Later, Mary and Joseph ride into “Bethle-ha-ha-ham” in search of lodging, only to be turned away.
When the wise men and shepherds arrive to visit the new arrival, Jesus is gifted with stuffed animals, diapers, wipes, milk and Air Jordans. And with, “Gold, Frankenstein, and myrrh,” according to one child.
“I don’t know how it would survive in that barn,” a child comments about the baby Jesus. “Too stinky. Too crowded.”
Hanna Wahlbrink was creative director at Southland Christian Church when she and her team produced the video for the church’s Christmas Eve service in 2015. Years later, the video is filling people across the world with holiday spirit.
“We didn’t ask them to say anything specific,” Wahlbrink said of her adorable cast. “We really wanted the kids to take the lead.”
Another child says she believes the new baby will “change the world,” while another comments that she thinks Joseph looked at his son and exclaimed, “I love you, and you’re the best baby I’ve ever seen. There.
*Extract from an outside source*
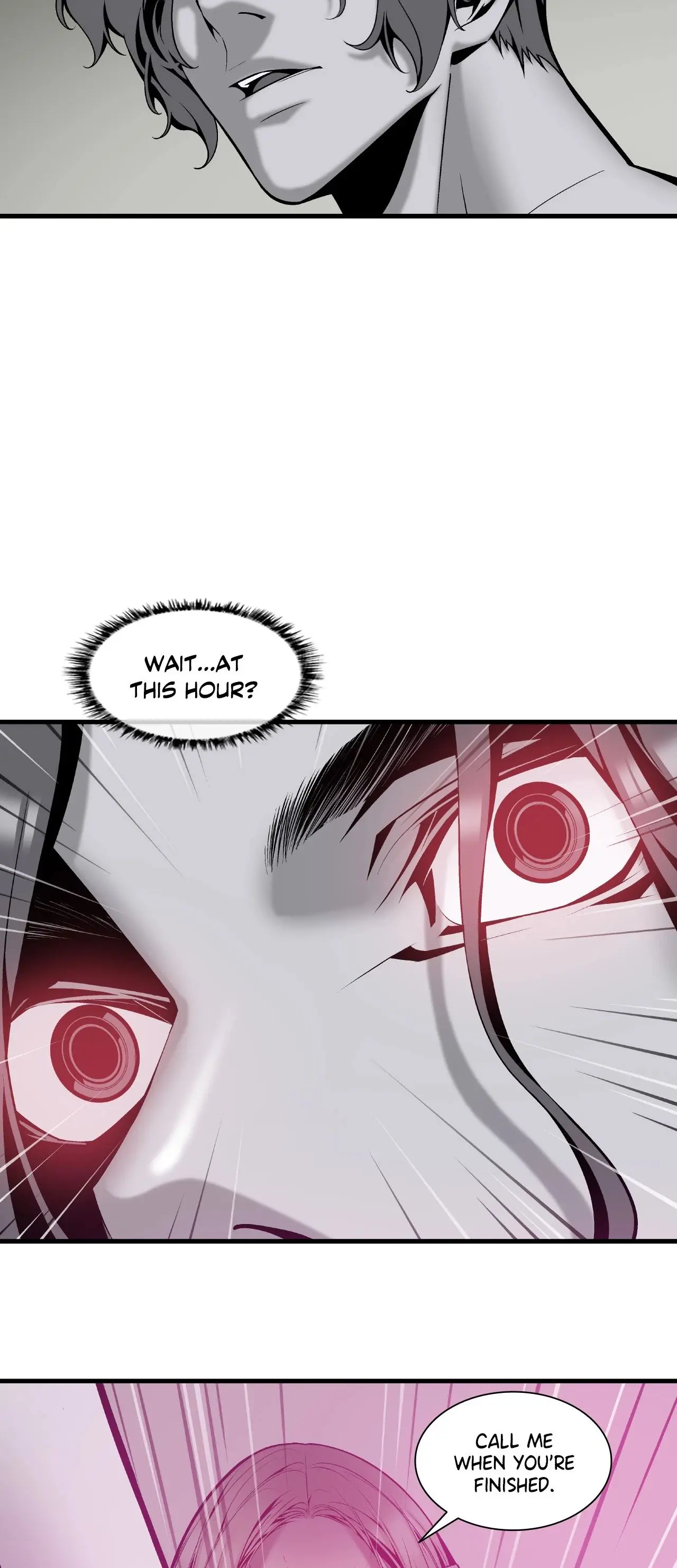 Midnight Taxi Abaabc Chapter 26 - Page 41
I said it.”
It’s cute comments like these that Neil Gregory, a video producer for the church, said they were secretly hoping to get.
“We really didn’t want to script it because we knew the kids would give us better sound bites than anything we could come up with on our own,” said Gregory. “And they did.”
Wahlbrink said Southland Christian Church has been contacted by people from all over the U.S., as well as Canada and Australia — who said that the video warmed their hearts and made them smile, regardless of their religious affiliation.
“We’re reaching people in a different way that we ever expected,” Wahlbrink told TODAY Parents.